START The data
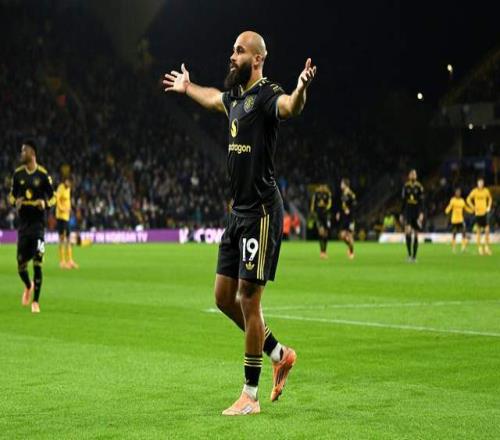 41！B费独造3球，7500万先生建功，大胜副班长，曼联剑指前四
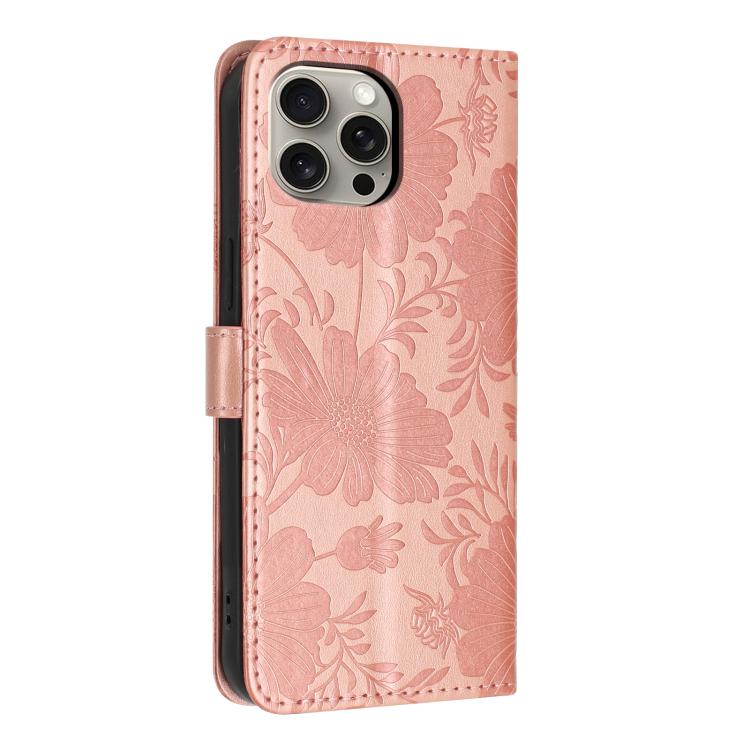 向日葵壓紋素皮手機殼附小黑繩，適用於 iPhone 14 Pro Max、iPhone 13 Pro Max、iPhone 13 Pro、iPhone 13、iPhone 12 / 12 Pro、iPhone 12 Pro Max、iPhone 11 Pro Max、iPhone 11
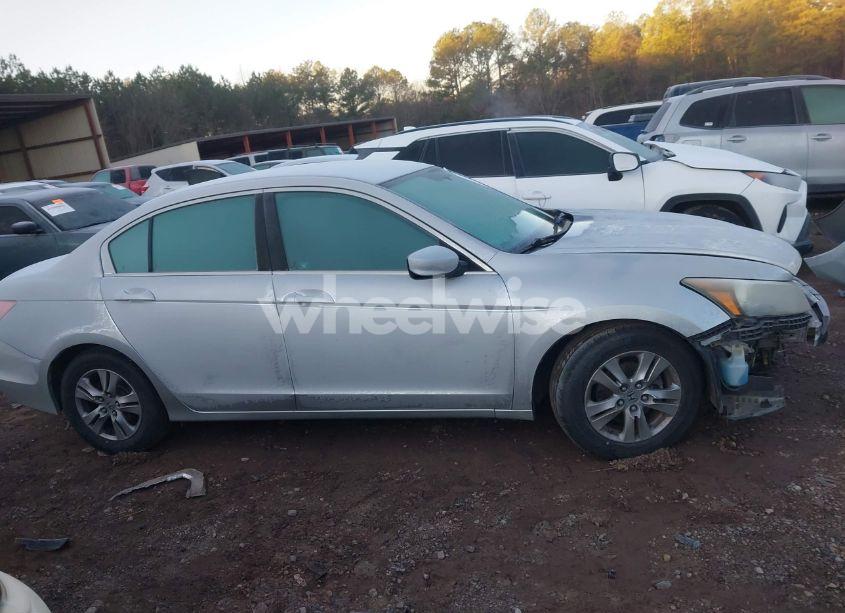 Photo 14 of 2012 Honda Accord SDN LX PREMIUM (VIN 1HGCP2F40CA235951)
END The data
START The data
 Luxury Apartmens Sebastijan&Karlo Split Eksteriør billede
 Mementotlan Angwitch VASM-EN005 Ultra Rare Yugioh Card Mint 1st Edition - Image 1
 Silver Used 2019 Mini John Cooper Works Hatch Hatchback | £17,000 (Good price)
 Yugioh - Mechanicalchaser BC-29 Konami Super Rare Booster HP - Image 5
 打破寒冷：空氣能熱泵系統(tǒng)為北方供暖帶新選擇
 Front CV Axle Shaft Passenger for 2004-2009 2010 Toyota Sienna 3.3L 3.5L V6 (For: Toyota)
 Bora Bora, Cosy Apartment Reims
END The data
Transcribe, from the material above, the stretch starting at the line with "41！B费独造3球，7500万先生建功，大胜副班长，曼联剑指前四" and ending at the line with "Photo 14 of", both included, exactly. Do not carry over pictures.

--- Problem solution ---
 41！B费独造3球，7500万先生建功，大胜副班长，曼联剑指前四
 向日葵壓紋素皮手機殼附小黑繩，適用於 iPhone 14 Pro Max、iPhone 13 Pro Max、iPhone 13 Pro、iPhone 13、iPhone 12 / 12 Pro、iPhone 12 Pro Max、iPhone 11 Pro Max、iPhone 11
 Photo 14 of 2012 Honda Accord SDN LX PREMIUM (VIN 1HGCP2F40CA235951)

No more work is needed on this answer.